Below are the records; give again exactly the lines from the one containing "Black History Month" through the one containing "G Star Raw Dakota", leaving out pictures.

[Data to examine]:
-------------------------

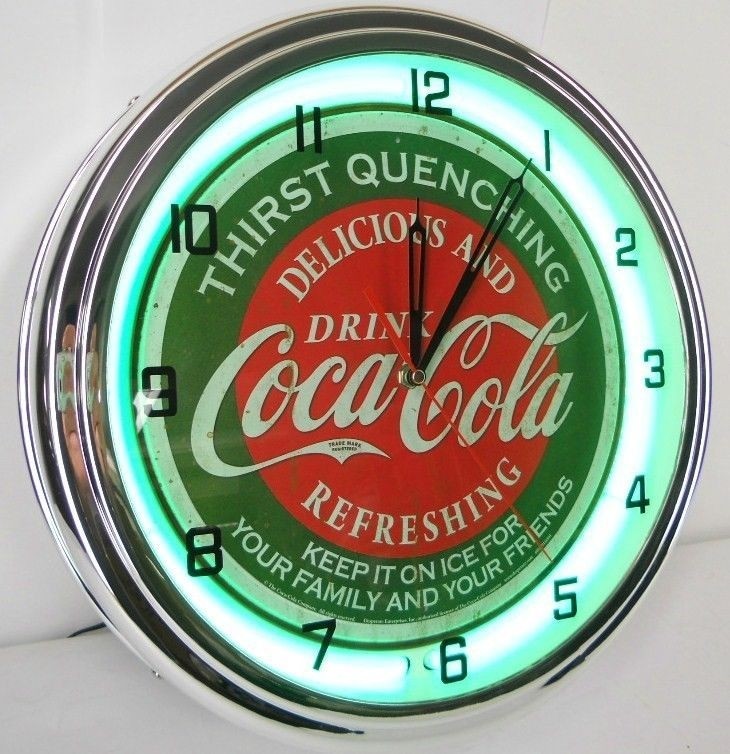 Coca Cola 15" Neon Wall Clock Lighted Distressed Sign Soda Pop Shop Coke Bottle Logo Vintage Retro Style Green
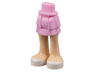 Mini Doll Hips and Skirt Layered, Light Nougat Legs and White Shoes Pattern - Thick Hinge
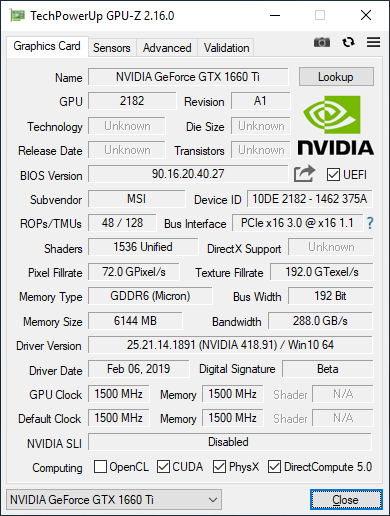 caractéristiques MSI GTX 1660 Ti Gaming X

-------------------------

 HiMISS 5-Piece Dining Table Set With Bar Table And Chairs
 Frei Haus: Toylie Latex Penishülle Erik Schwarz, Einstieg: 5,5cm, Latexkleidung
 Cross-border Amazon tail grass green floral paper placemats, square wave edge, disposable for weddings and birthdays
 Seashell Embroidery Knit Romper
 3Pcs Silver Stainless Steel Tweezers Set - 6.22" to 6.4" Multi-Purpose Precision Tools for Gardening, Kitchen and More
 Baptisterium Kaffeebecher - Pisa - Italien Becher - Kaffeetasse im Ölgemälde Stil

-------------------------

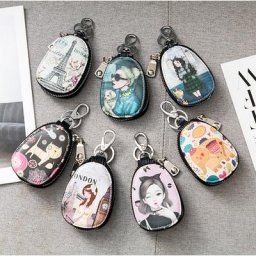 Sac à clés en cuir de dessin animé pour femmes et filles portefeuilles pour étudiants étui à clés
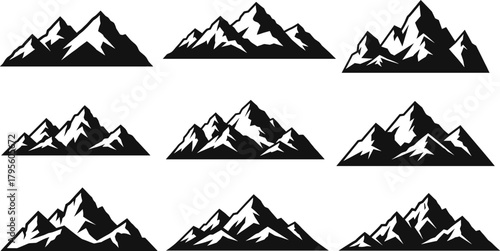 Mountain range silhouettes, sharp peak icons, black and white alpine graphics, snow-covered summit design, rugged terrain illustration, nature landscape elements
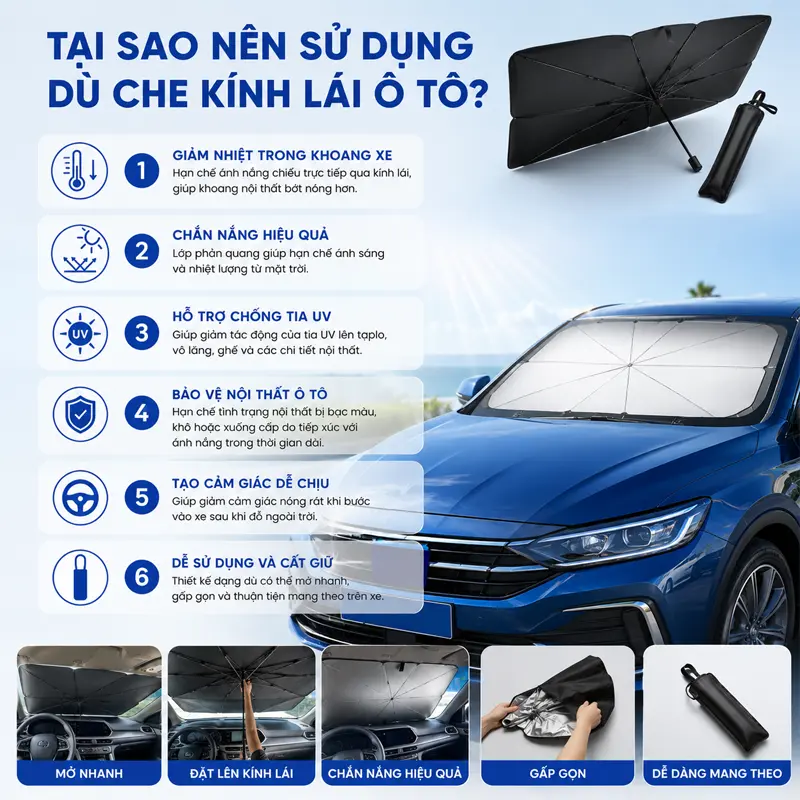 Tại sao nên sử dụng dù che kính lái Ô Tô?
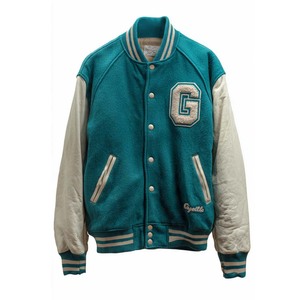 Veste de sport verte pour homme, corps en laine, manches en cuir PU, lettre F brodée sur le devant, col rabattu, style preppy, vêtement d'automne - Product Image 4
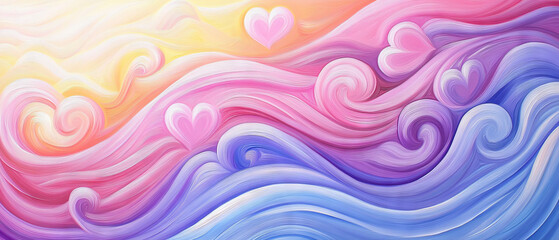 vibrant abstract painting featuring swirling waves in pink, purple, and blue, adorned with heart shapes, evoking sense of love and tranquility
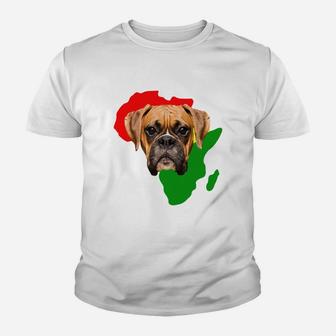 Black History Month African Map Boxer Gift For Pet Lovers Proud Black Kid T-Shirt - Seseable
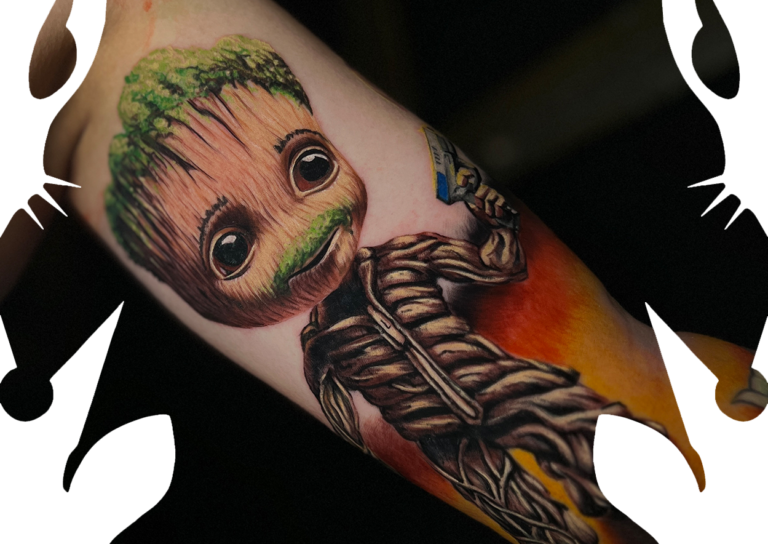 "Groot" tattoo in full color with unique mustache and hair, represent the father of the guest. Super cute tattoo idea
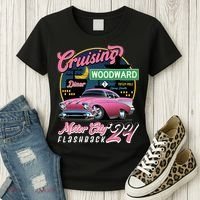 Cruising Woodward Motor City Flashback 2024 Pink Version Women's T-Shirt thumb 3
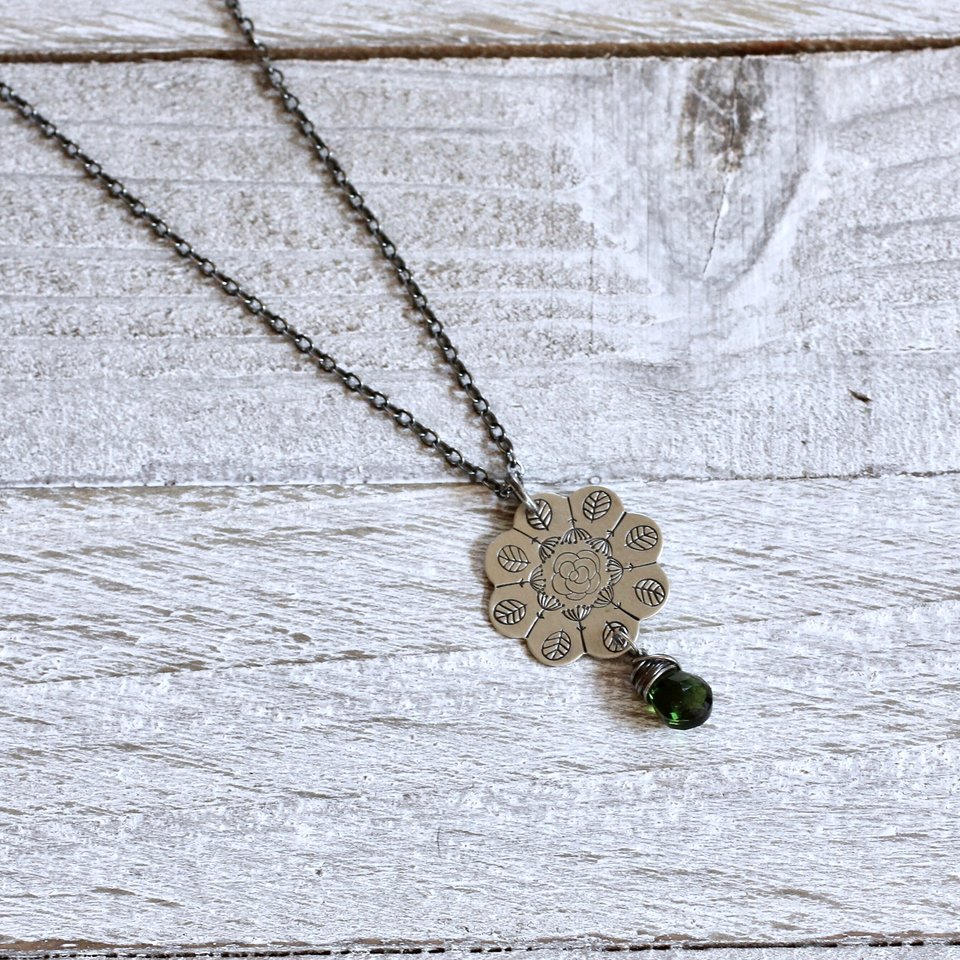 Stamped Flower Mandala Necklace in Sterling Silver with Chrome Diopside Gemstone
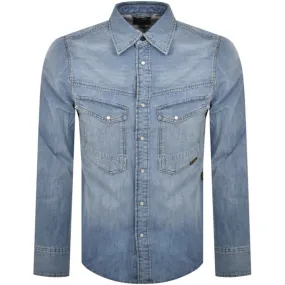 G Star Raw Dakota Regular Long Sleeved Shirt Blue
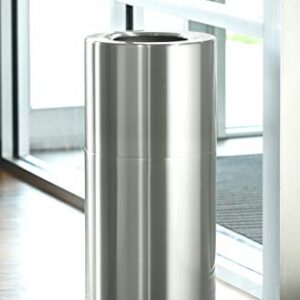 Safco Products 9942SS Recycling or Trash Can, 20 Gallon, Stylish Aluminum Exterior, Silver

-------------------------

[Response to the task]:
 Black History Month African Map Boxer Gift For Pet Lovers Proud Black Kid T-Shirt - Seseable
 "Groot" tattoo in full color with unique mustache and hair, represent the father of the guest. Super cute tattoo idea
 Cruising Woodward Motor City Flashback 2024 Pink Version Women's T-Shirt thumb 3
 Stamped Flower Mandala Necklace in Sterling Silver with Chrome Diopside Gemstone
 G Star Raw Dakota Regular Long Sleeved Shirt Blue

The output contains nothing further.